Exercise \(\PageIndex{1}\label{ex:oneonefcn-01}\)

Which of the following functions are one-to-one? Explain.

- \( f : {\mathbb{R}}\to{\mathbb{R}}\), \(f(x)=x^3-2x^2+1\).
- \( g : {[\,2,\infty)}\to{\mathbb{R}}\), \(f(x)=x^3-2x^2+1\).

Exercise \(\PageIndex{2}\label{ex:oneonefcn-02}\)

Which of the following functions are one-to-one?
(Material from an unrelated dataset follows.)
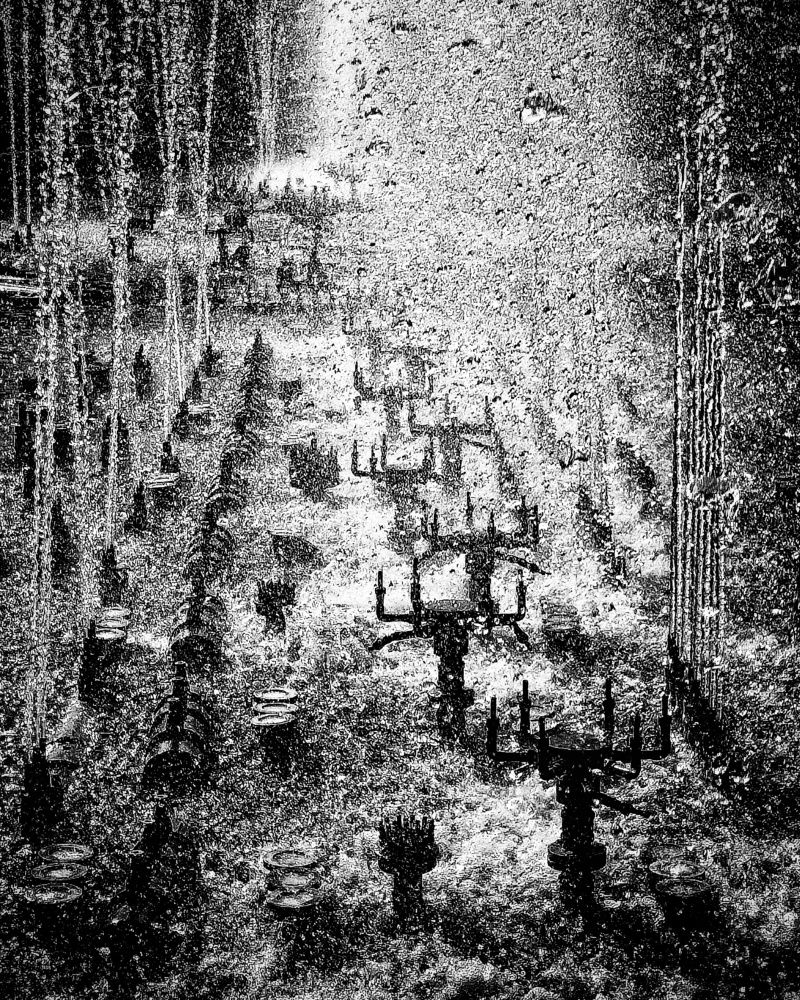 Photograph by Carlos Orozco Carlos Orozco bass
Explain.

- \(p :{\mathbb{R}}\to{\mathbb{R}}\), \(h(x)=e^{1-2x}\).
- \( q :{\mathbb{R}}\to{\mathbb{R}}\), \(p(x)=|1-3x|\).

Exercise \(\PageIndex{3}\label{ex:oneonefcn-03}\)

Construct a one-to-one function \( f : {(1,3)}\to{(2,5)}\) so that \( f : {[\,1,3)}\to{[\,2,5)}\) is still one-to-one.

Exercise \(\PageIndex{4}\label{ex:oneonefcn-04}\)

Construct a one-to-one function \( g : {[\,2,5)}\to{(1,4\,]}\).

Exercise \(\PageIndex{5}\label{ex:oneonefcn-05}\)

Determine which of the following are one-to-one functions.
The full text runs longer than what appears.